Imaginemos agora uma pessoa rica que, embora possa fazer muito pelos outros sem se sacrificar consideravelmente, só se preocupa com o seu próprio bem-estar. Em toda a sua vida segue a máxima “Se recuse sempre a ajudar os outros”. Será esta máxima universalizável? Aqui a situação é um pouco diferente da anterior, pois Kant admite que seria possível todos agirem segundo essa máxima. Ainda assim, a verdade é que todos nós, ao longo de vida, precisamos que os outros nos ajudem, nem que seja ocasionalmente. Por isso, não queremos viver num mundo em que ninguém nos ajude quando precisamos. Logo, não podemos querer que todos se recusem sempre a ajudar os outros. A máxima “Se recuse sempre a ajudar os outros” não é universalizável, o que significa que é errado viver sem nos preocuparmos minimamente com o bem-estar dos outros – temos o dever de ajudar.
A fórmula do fim em si do imperativo categórico
Outra das fórmulas do imperativo categórico, conhecida por fórmula do fim em si, é a seguinte:
- Age de tal maneira que uses a tua humanidade, tanto na tua pessoa como na pessoa de qualquer outro, sempre e simultaneamente como fim e nunca simplesmente como meio.
Kant afirma que é sempre errado instrumentalizar as pessoas, ou seja, usá-las como simples meios para atingir os nossos fins.
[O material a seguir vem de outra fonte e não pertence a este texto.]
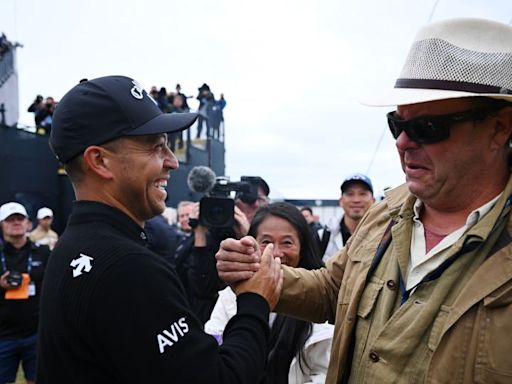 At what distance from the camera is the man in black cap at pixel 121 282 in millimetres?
1337

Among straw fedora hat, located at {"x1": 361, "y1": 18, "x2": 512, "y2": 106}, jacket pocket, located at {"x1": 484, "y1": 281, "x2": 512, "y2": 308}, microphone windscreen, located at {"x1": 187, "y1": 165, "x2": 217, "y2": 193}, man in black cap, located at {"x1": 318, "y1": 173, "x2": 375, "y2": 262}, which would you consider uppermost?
straw fedora hat, located at {"x1": 361, "y1": 18, "x2": 512, "y2": 106}

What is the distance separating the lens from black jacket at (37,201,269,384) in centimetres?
133

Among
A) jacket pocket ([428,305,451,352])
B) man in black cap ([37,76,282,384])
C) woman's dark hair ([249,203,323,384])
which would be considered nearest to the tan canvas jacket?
jacket pocket ([428,305,451,352])

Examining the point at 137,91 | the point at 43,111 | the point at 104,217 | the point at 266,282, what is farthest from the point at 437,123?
the point at 43,111

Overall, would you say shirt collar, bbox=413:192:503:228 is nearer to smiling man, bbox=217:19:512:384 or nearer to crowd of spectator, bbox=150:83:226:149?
smiling man, bbox=217:19:512:384

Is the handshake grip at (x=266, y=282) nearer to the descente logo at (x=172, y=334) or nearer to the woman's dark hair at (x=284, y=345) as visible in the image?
the descente logo at (x=172, y=334)

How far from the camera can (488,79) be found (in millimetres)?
1559

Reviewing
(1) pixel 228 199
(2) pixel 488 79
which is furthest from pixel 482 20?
(1) pixel 228 199

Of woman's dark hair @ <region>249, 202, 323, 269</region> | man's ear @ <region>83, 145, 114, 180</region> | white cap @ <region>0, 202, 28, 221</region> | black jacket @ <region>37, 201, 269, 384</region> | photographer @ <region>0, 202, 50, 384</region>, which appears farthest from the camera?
white cap @ <region>0, 202, 28, 221</region>

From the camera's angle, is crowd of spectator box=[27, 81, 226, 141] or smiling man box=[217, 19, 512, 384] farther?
crowd of spectator box=[27, 81, 226, 141]

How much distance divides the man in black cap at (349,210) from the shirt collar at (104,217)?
3.32 meters

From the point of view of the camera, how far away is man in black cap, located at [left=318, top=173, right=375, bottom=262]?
4855 millimetres

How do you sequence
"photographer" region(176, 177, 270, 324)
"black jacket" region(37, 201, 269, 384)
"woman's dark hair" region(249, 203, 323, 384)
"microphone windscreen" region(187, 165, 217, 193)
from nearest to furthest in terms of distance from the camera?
"black jacket" region(37, 201, 269, 384) < "woman's dark hair" region(249, 203, 323, 384) < "photographer" region(176, 177, 270, 324) < "microphone windscreen" region(187, 165, 217, 193)

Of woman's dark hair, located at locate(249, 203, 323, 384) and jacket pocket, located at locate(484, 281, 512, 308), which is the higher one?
jacket pocket, located at locate(484, 281, 512, 308) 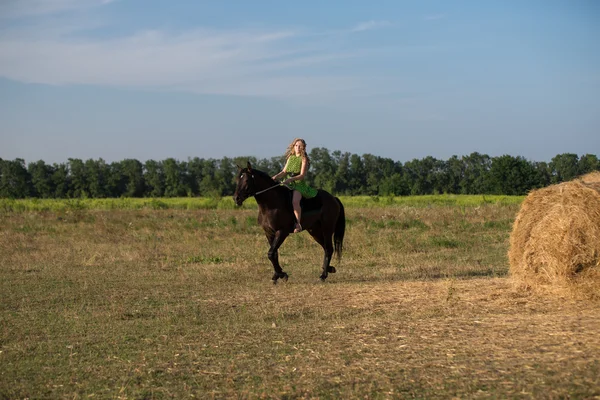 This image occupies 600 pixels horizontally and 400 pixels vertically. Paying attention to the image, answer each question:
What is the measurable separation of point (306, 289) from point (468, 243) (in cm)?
707

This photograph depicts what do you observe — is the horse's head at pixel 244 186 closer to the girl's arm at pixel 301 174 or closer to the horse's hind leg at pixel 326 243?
the girl's arm at pixel 301 174

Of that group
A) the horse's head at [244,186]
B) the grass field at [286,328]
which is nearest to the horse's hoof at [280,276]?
the grass field at [286,328]

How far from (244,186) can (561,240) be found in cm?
480

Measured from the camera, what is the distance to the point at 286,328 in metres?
6.91

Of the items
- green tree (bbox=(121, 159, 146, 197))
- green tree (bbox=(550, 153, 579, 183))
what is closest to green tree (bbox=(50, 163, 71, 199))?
green tree (bbox=(121, 159, 146, 197))

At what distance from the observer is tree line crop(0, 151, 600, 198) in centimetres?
4834

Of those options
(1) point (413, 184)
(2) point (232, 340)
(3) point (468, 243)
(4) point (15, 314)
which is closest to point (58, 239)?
(4) point (15, 314)

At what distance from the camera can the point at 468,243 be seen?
15.5m

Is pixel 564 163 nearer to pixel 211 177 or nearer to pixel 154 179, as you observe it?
pixel 211 177

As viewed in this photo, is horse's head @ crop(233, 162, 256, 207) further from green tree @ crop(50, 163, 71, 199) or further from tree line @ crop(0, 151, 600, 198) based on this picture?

As pessoas são agentes racionais, são seres dotados de autonomia, capazes de escolher livremente os seus objetivos. Para respeitar as pessoas, devemos tratá-las sempre como seres autônomos (como fins em si), e não como meros instrumentos que estejam ao serviço dos nossos planos.
Por exemplo, apontar uma pistola a uma pessoa para a roubar é tratá-la como um mero meio para obter dinheiro: é violar a sua autonomia, obrigá-la a fazer o que ela não quer. Em contraste, pedir ajuda a uma pessoa e respeitar a sua recusa de nos ajudar não viola a sua autonomia: neste caso, tratamo-la como um meio de nos ajudar, mas simultaneamente como um fim porque respeitamos a sua vontade.
Note-se que, segundo a fórmula do fim em si, não é errado tratar as pessoas como meios – é errado tratá-las como simples meios. Por exemplo, quando vamos um restaurante estamos tratando o cozinheiro como um meio para obter uma refeição, mas isso nada tem de errado. Desde que ele esteja trabalhando porque é essa sua vontade, o cozinheiro consentirá razoavelmente ser tratado dessa forma. Se beneficiar do seu trabalho não desrespeita a sua autonomia. Reduzir uma pessoa à condição de escravo, pelo contrário, é tratá-la como um simples meio, e isso é o que a fórmula do fim em si nos proíbe de fazer.
Referências
Sally Sedgwick. Fundamentação da metafísica dos costumes: Uma chave de leitura. Petrópolis: Vozes, 2017.
James Rachels. Os Elementos da filosofia Moral. São Paulo: AMGH, 2013.